100% Windows memory Usage but no OOM

Running ES 1.5.2 and Windows 2008 R2 Ent

1 of my nodes became unresponsive. So I logged only to see 100% memory usage on the Windows server. I stopped the ES process and the memory got completely freed up. I checked the logs there's no OOM exceptions also there's no dump files (Sometimes with a crash you get the dump file).

The only error that shows up is a index throttling error though that only started hapening 2-3 hours into the bulking process. So bulking had started ok for a couple of hours and then started throttling.

So I can't explain the 100% usage.

Anything in the logs, GC, check hot_threads?

I'll post my logs somewhere asap...

Here are some stats of the node running currently while bulking is hapening untill I can get the logs...

These are based on Windows Task Manager
Memory Private Set: 32GB ( I assume this is the 30G ES_HEAP_SIZE, doesn't seem to be growing.)
Working Set: 74GB (Seems to be growing)
Commit Size: 38GB
Paged Pool: 4.6GB
Non Paged Pool: 1GB

These are based on RAMMap
Mapped File (Total): 88GB
Mapped File (Active): 42GB
Process Private (Total): 38GB
Process Private (Active): 38GB
Paged Pool (Total): 4GB
Paged Pool (Active): 4GB
Non Paged Pool (Total): 3GB
Non Paged Pool (Active): 3GB

So I stopped bulking and walked away for an hour.

Working Set: 49GB
Mapped File (Total): 79GB
Mapped File (Active): 42GB

So I suppose it is possible that bulking to up all RAM with mapped file?

Here are the logs...

Server was started on 2015-06-06
100% memory may have happened around 2015-06-06 21:00
Problem detected on 2015-06-07 10:30 and ES process was stopped and restarted. (Any logs after that moment are "irrelevant")

So I think it's the mapped file. Another node is at 110GB of my 128GB.

Memory (Private Working Set): 33GB
Memory Working Set: 108GB

The docs say leave half for ES and the rest for mapped files.
I have 128GB per nodes, ES is configured with ES_HEAP_SIZE=30gb

I guess the OS will try to cache as much as it can regardless how much heap is configured for ES/Lucene?
I also assume that mlockall for Linux would be beneficial here. I saw that also there's experimentation going on to get mlockall working on Windows also.

I'm curious is there a setting in Windows that can limit the total mem used for mapped files?

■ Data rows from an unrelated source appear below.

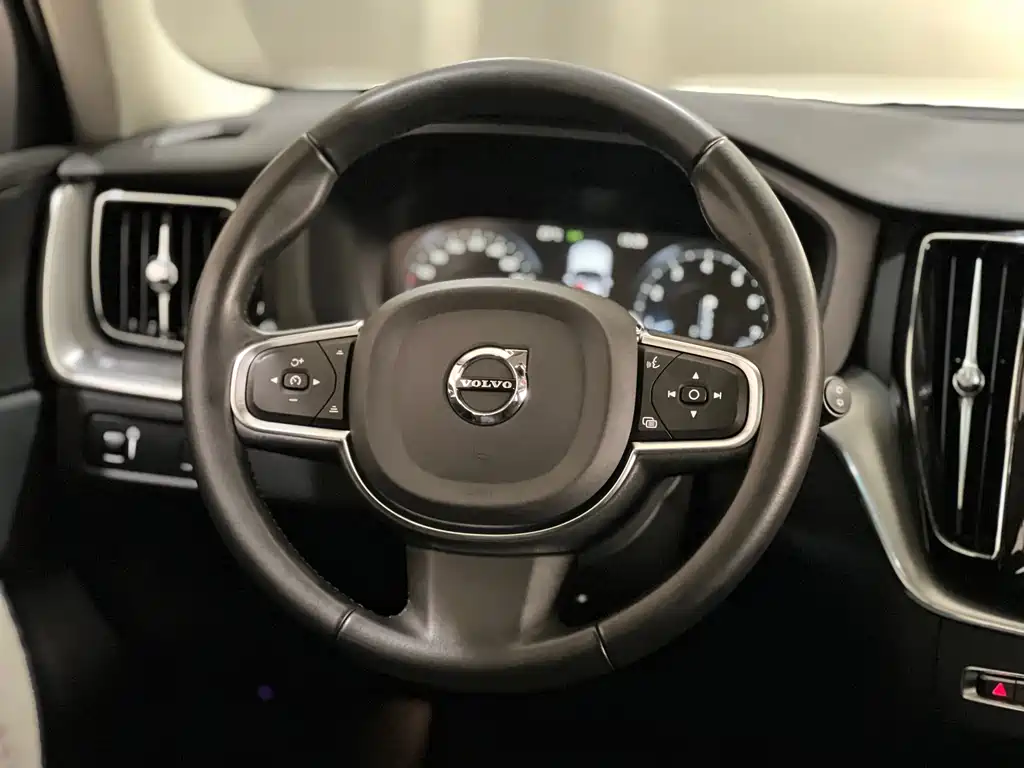 Volvo XC60 2018 — фото 10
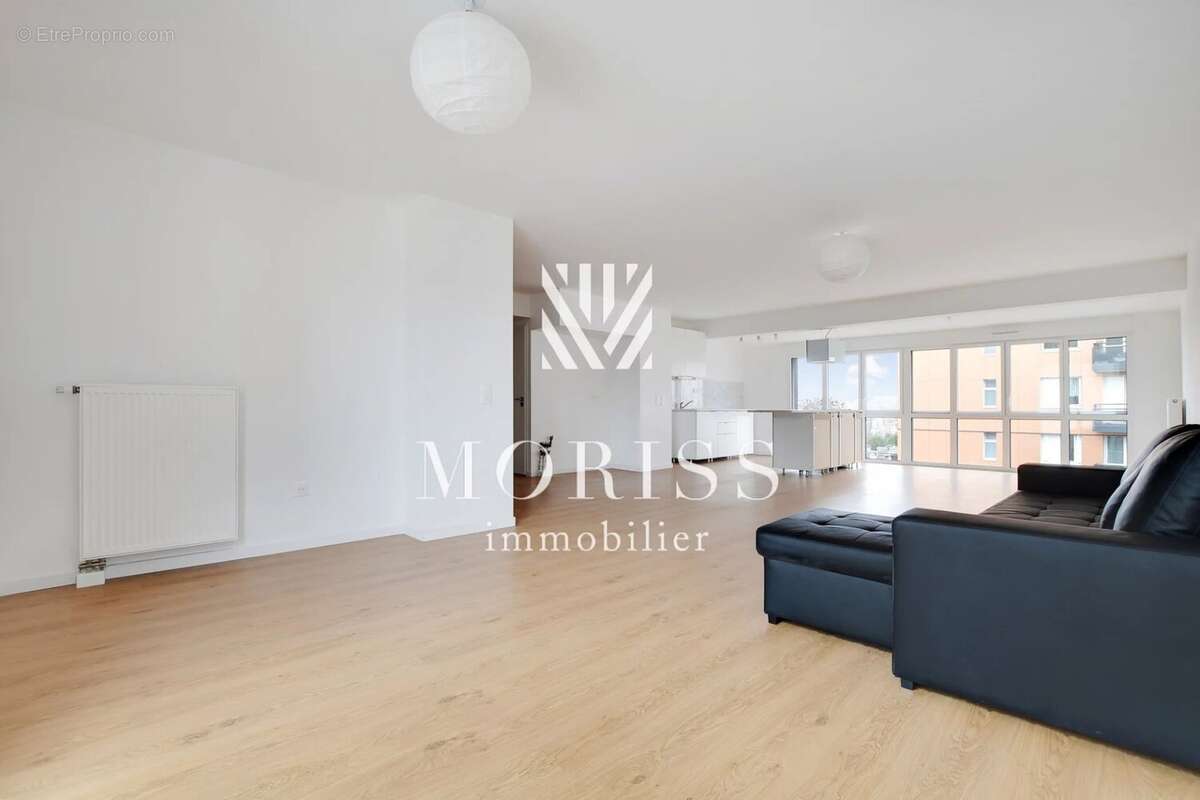 Appartement à LES LILAS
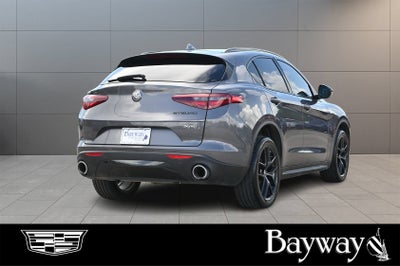 2021 Alfa Romeo Stelvio BASE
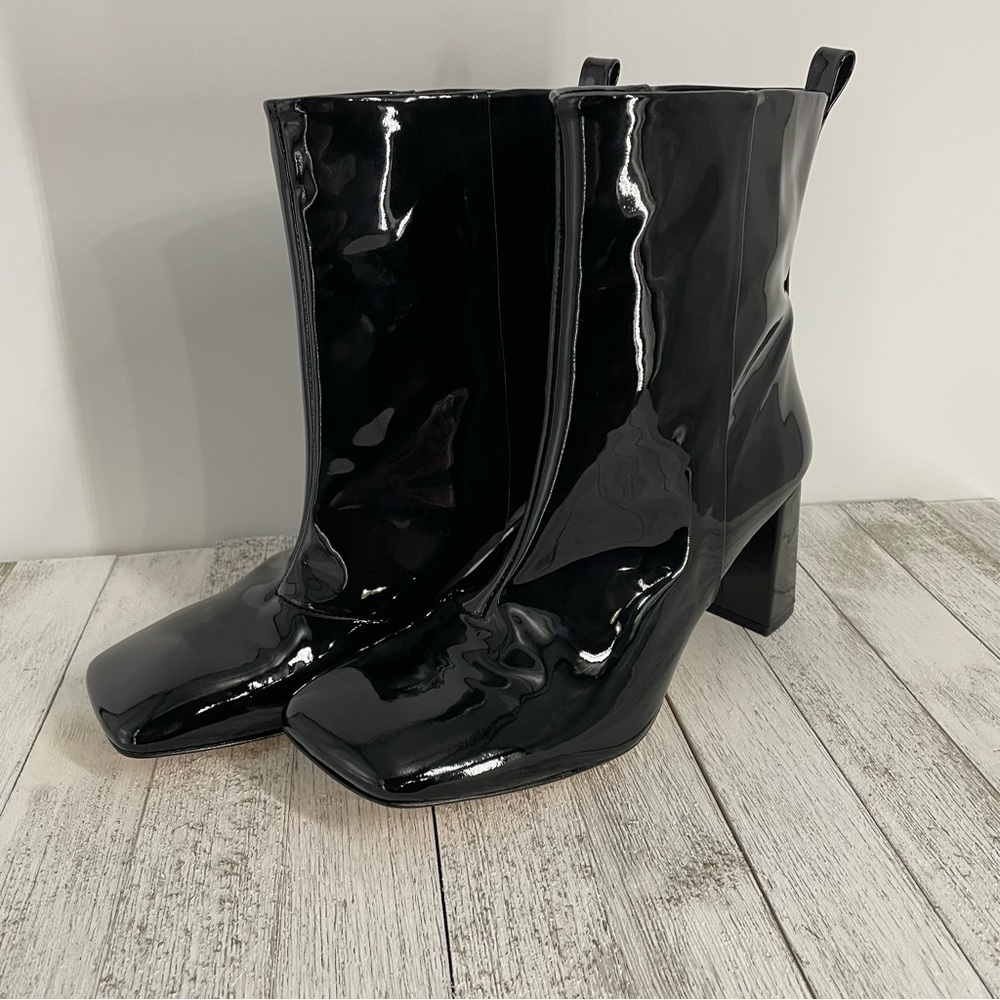 Good American Square Toe Patent Leather Ankle Boot Black - Picture 3 of 9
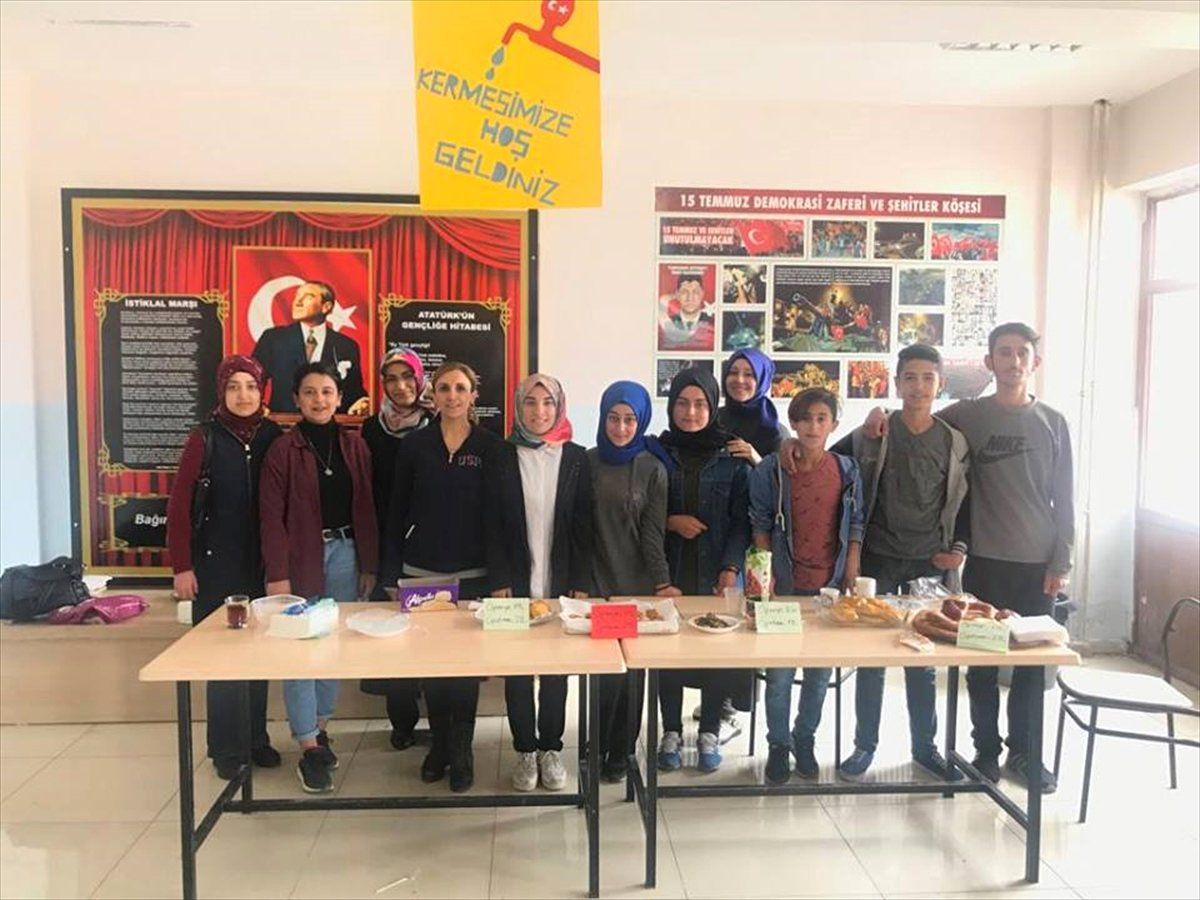 Kulp\'ta Öğrencilerden Afrika\'da Su Kuyusu Açılması İçin Kermes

How big are your bulk requests?

2,500 to 3,000 bulk requests per 2-3 at 3000 bytes average per doc. So about 9MB per 2-3 second lets say. It takes ES about 3 seconds to bulk index 3000 docs. Basically I have a JMeter script that generates data and sends it to a vertx.io application that stores each request in a map and then bulks that to ES using TransportClient and BulkRequest.

It happened again just now for another machine.
Working set was 123GB
And Private Set still at 33GB.

But just a few seconds into me loging, it freed itself.

Now Working Set is at 103 seems to be dropping slowly...

There's no OOM excpetions, the node go dropped from cluster since it was unresponsive but once the RAM in Windows cleared the process rejoined the cluster. Didn't even have to restart it. Currently running ES in command line Window.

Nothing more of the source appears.